Now they realize the Big Three aren’t viable?

I’m somewhat pleased to say that the Obama Administration is rejecting the restructuring plans of GM and Chrysler.

The bad news is that the Administration has already given them billions of our (taxpayer) dollars and will continue to fund them (Chrysler for 30 days and GM for 60 days) with taxpayer money, at the end of which the companies will likely (in my opinion) have to file for bankruptcy.

I just hope the government is getting to the “front of the line” as far as debtor priority goes so that taxpayers are reimbursed when the companies’ assets are sold off.

The stock market is collapsing today (Monday) on the news, not just because GM and Ford stocks are going down (Chrysler is privately-held) but also because financial stocks are weak on worries about the ripple effects if the Big Three default on their billions of dollars of debt. The market is right to be worried.

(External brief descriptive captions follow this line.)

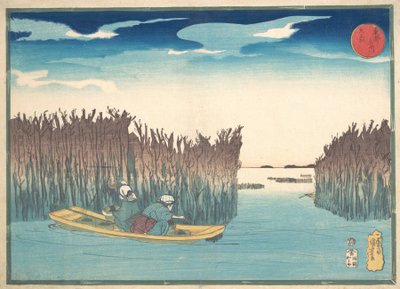 Merilevän keräilijät Omorissa, 1797-1861. tekijältä Utagawa Kuniyoshi
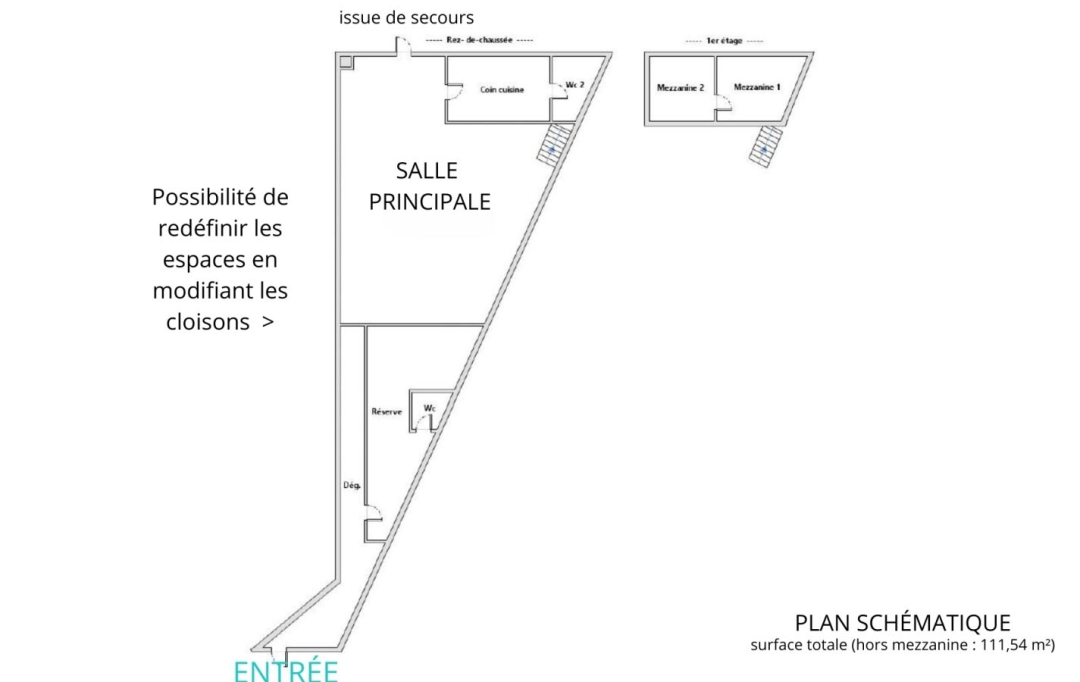 DROME ARDECHE IMMOBILIER : Local / Bureau | BOURG-LES-VALENCE (26500) | 112 m2 | 110 000 € 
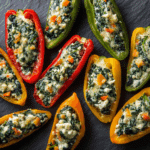 Spinach and Feta Stuffed Mini Peppers Recipe
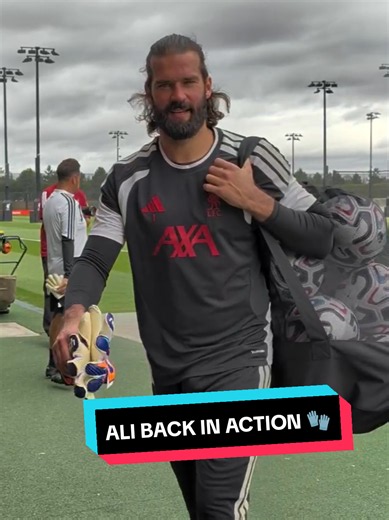 Alisson Becker Back in Action: Liverpool Training Highlights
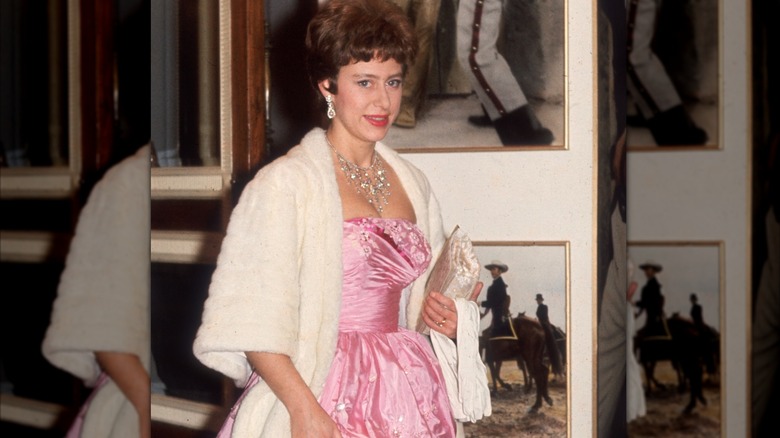Princess Margaret posing at a party in the 1960s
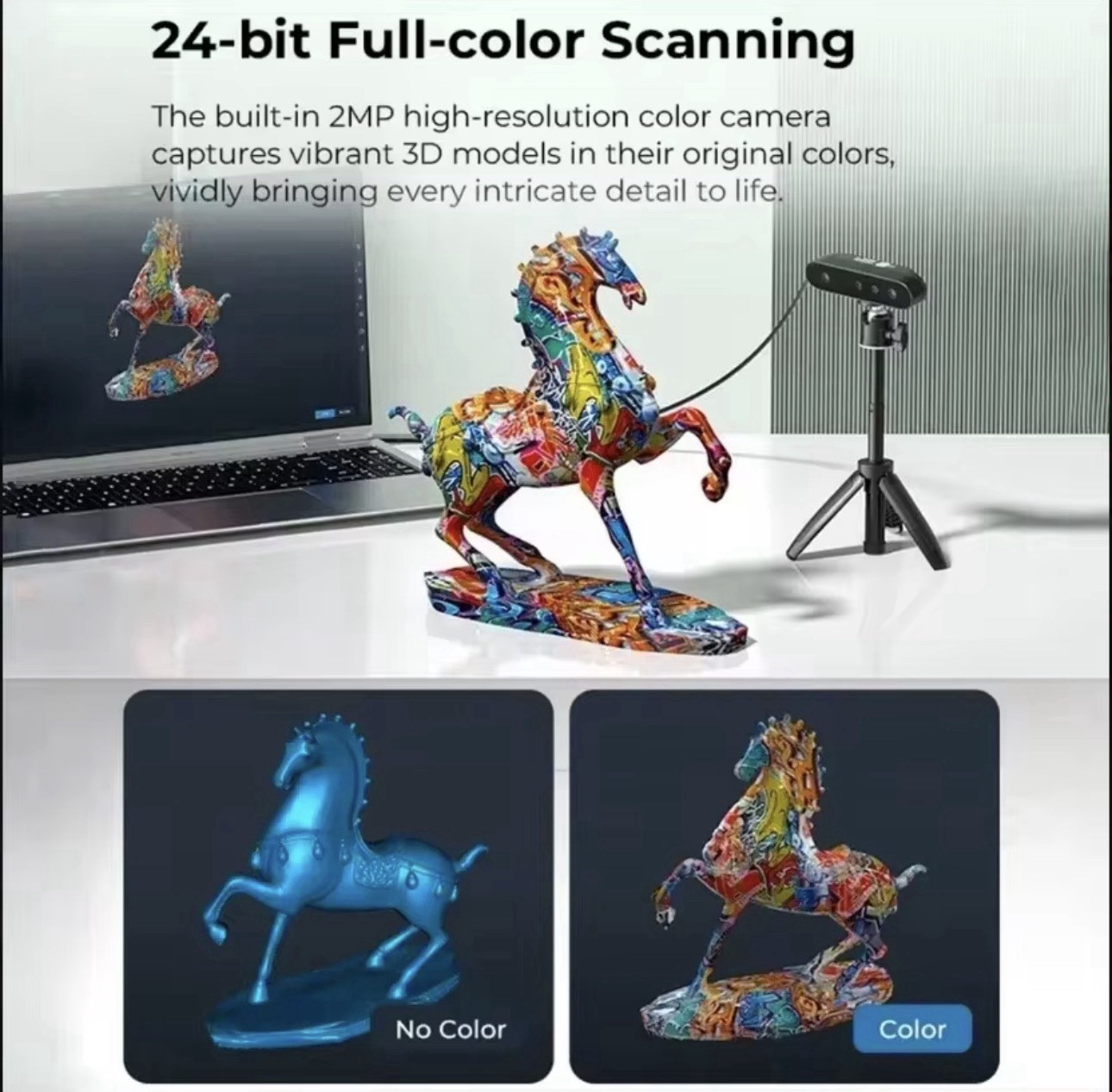 Creality 3D Scanner CR Ferret SE for 3D Printing Handheld Anti-Shake 30FPS Scan gallery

The real problem here is government involvement and the confusion it causes. The government saved Bear, Stearns and then let Lehman fail. They give the automakers billions of dollars and then say the companies aren’t viable. The government is apparently making decisions based on worst possible combination of incompetence and politics. It’s no wonder Tim Geithner said on “Meet the Press” that he knows he has to get people to work with him at Treasury who actually have real-world experience rather than just being “policy” people. Because government is not making decisions based on real-world experience or any principle greater than helping their political donors, markets and entrepreneurs have no idea what to expect next. And that’s at least as dangerous as knowing to expect a particular bad decision. Maybe today’s announcement regarding the Big Three is the first step in the right direction: It shows that Obama may be willing to make decisions which dramatically weaken unions, and it shows businesses yet again that they want government as their partner in the same way that an honest businessman wants the mafia as a “partner”.

We are living “Atlas Shrugged” right now. It’s going to be painful for some time, but it’s the only way out of the country’s current infatuation with a slick, pretty-boy econo-moron named Barack Obama and his siren song of socialism/fascism with which he is luring the country into financial destruction.